It seems that the sheer force of this masterpiece broke through the dim fog of the Age of Reason with blazes of unstoppable light. The libretto (words) was not arranged by Handel, of course, but by his poet friend, Charles Jennens, who was himself described as “a depressive man struggling to find his way toward hope and a return to a pre-Enlightenment vision of religion.”
He certainly seems to have found such hope in his writing of the libretto, which is essentially a selectively edited arrangement of passages from the King James Bible. Jennens is said to have delivered the libretto to Handel in a parcel, with a note claiming he had been inspired by God.

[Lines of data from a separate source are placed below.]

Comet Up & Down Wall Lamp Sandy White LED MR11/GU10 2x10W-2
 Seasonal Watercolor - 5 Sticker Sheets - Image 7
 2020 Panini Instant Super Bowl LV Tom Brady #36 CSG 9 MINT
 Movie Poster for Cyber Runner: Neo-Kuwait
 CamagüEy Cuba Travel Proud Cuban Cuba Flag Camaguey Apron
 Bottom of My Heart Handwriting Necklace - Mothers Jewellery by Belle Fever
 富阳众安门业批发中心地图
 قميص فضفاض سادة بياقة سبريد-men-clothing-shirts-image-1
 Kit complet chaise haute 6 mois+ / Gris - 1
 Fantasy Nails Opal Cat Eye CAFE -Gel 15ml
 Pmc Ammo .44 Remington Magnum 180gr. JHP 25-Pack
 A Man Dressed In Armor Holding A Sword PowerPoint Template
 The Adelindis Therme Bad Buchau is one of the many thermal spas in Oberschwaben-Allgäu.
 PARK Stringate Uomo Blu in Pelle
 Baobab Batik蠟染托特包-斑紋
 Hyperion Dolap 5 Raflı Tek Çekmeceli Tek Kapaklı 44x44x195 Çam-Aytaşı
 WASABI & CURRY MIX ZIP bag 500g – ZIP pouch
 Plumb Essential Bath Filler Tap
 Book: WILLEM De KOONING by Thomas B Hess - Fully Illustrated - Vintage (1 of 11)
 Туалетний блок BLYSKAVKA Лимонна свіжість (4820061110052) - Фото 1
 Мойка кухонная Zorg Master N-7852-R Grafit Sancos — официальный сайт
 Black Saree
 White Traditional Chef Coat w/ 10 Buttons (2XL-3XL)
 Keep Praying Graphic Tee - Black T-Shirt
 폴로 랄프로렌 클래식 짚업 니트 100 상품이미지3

Handel was an Anglican of sorts, but was certainly no paragon of holiness, nor a heartfelt evangelical heaven-bent on converting lost souls to Christ. It is also said that, at first, he scoffed at Jennens’ notion of “divine inspiration” for the libretto. Yet it is clear that even Handel was markedly changed by the Messiah. He would never be the same again. Despite facing fluctuating finances (as did many composers of his time) he donated the proceeds from the performances of Messiah to charity, and he notably yearned to see people not merely entertained but affected by its substance.
Handel felt this way about it no doubt because the Messiah had affected him first. It had done something to him. It had “awakened” him, almost as if he had experienced the enthusiasms of a revival meeting.